OK, so I stripped out the heat exchanger. That's definitely where the problem lies, so I'm going to pull off the fittings and clean out the tubes. It's actually pretty easy to remove the exchanger, I'll get some pix as I go along.
I know it's probably easier to get a new cheapo fogger but I really like this machine and besides, I can't pass up the challenge. Abstract knowledge and all...


----------



## eanderso13 (Apr 10, 2008)

Cool, Otaku! Your information helped me fix the pump on my LiteFX fogger last year, so I;m very interested in what you find in the heater assembly!


----------



## Otaku (Dec 3, 2004)

What you'll need:
21mm socket or wrench
Teflon thread tape
Compressed air nozzle with a tapered rubber tip
70% alcohol
Bench vise or C clamp to hold the block to the bench

When disassembling the fogger, you may want to label the wiring so that you don't mix up the connections. The wiring harness in my machine is easy to re-connect; the wires can only go to the proper locations but yours may be different.
When unwrapping the insulation from the block, note the location of the overtemp sensor. It's embedded in the insulation about 50% of the length of the block. Try to salvage the teflon wrapping tape for re-use. You can probably use thread tape to rewrap the block.
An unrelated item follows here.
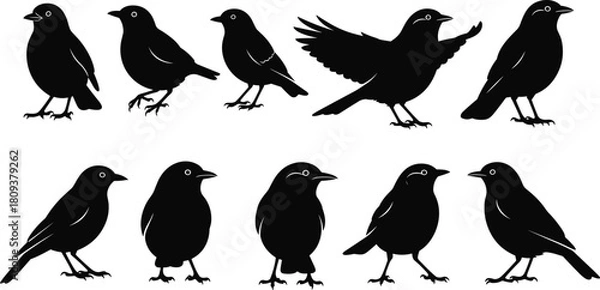 Obraz Black bird silhouette collection featuring diverse poses, perched and flying positions, elegant songbird vector set for nature illustrations, wildlife graphics,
Clamp the block in the vise or use a clamp to hold it to a bench. Be careful to not distort the shape of the block. Remove the inlet and outlet fittings from the block (21mm). They're very tight, so use a socket, large Crescent wrench or a box-end to take them off. Don't use a wrench that is slightly oversize or you'll round the fittings. Clean out any bits of the teflon tape left in the threads. Don't try to remove the plugs in the block. Mark the inlet and outlet ports.
Pour some 70% alcohol in one end of the block and let it sit for a few minutes. Attach one of the fittings to the block and blow compressed air through the block. If the blockage is still there, repeat the alcohol soak. It took two tries to get the debris out of my block.
Repeat this process several times to clear all the crap out of the channels. When it's clean you should get a lot of air going through the block.
Wrap the fittings with plenty of thread tape and replace them in the block. Ensure that the fittings are in the right place or you won't be able to re-assemble the fogger. There's a lot of pressure on those fittings so make sure they're tight.
Here are some pics of the block and fittings. I can't figure out how to link to the album where these live - if anyone can advise me on that I'd appreciate it, as there's a lot more pics to come.


















I'll take more as I do the re-assembly.


----------



## tot13 (Jul 25, 2007)

Dang, there's nothing I hate more than anemic fog output!

Seriously, thanks for taking the time to document how you fixed this problem. I'm sure it'll not only save a lot of us some replacement costs, but also give some of us (like me) the courage to try to fix it ourselves instead of just trashing it.


----------



## corey872 (Jan 10, 2010)

Good info on the tear down. Any thoughts on what the gunk was? I'm dreading the day it happens to me. Plus I have always stored my fogger with the juice still in, so that might be a no-no.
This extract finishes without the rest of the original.